Una cittadina bella, bellissima, artistica, educata…unico neo le formiche. Poverine di loro vive neppure la traccia, ma fritte e croccanti se ne trovano a chili. Dicono sia una delizia del posto: l’hormiga culona, certo proprio così, è talmente poco sostanziosa da mangiare che almeno scelgono quelle super dotate…peccato che oramai siano in via d’estinzione visto che friggono le femmine in fase di riproduzione, e come potete ben immaginare, l’impatto sulla specie è devastante. A Barichara il salto è breve ad un’ipotesi di trasferimento qui in Colombia, sembra un posto da sogno, quasi fin troppo perfetto, tanto che il richiamo di casa si fa sempre più forte.  A due ore di cammino scopriamo Guane, la versione più umile di Barichara, però più immobile, semplice, fiabesca, tanto che ci basta il sorriso di un artritico nonnino per restarne incantati. La domenica la trascorriamo come speravamo passarla da mesi: l’incontro fortuito con Ago, l’italiano contemplatore di professione, una, due, tre birre, partita e formiche culone come porta fortuna.

 

Tags: , , , , , , , , , , , ,

3 Comments

sera

July 17th, 2012

cazzo neanche una foto di una HORMIGA CULONA??? Dai!
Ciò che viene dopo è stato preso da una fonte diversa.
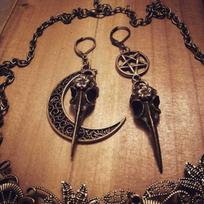 Vintage Asymmetric Earrings Crow Skull Earring Pentagram Moon Witchy Crescent Moon Earrings  Wiccan Goth Pagan  Steampunk Jewelry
Dovevano essere terribilmente minacciosi i pulotti che hanno fatto confessare il ladruncolo!
Dire che avete avuto culo mi sembra un eufemismo. Direi che avete avuto un CULONE degno di una HORMIGA!!!

Adesso mi googlo “hormiga culona”!!!

Oh, io continuo a seguirvi… in realtà sono in trepidante attesa del vostro arrivo in Patagonia.. ma a questo ritmo mi sa che c’arriverete a Natale. Il che peraltro sarebbe climaticamente perfetto.

Quindi… BUEN VIAJE TIOS!!!!!

sera

July 17th, 2012

↑↑↑↑↑↑Robba↑↑↑↑↑↑

Pandiario

July 20th, 2012

si robba arriveremo giusto prima di natale in patagonia, a natale in realta saremo come al solito a casa vostra!!!
era piu minacciosa serafina che il pulotti colombiani!!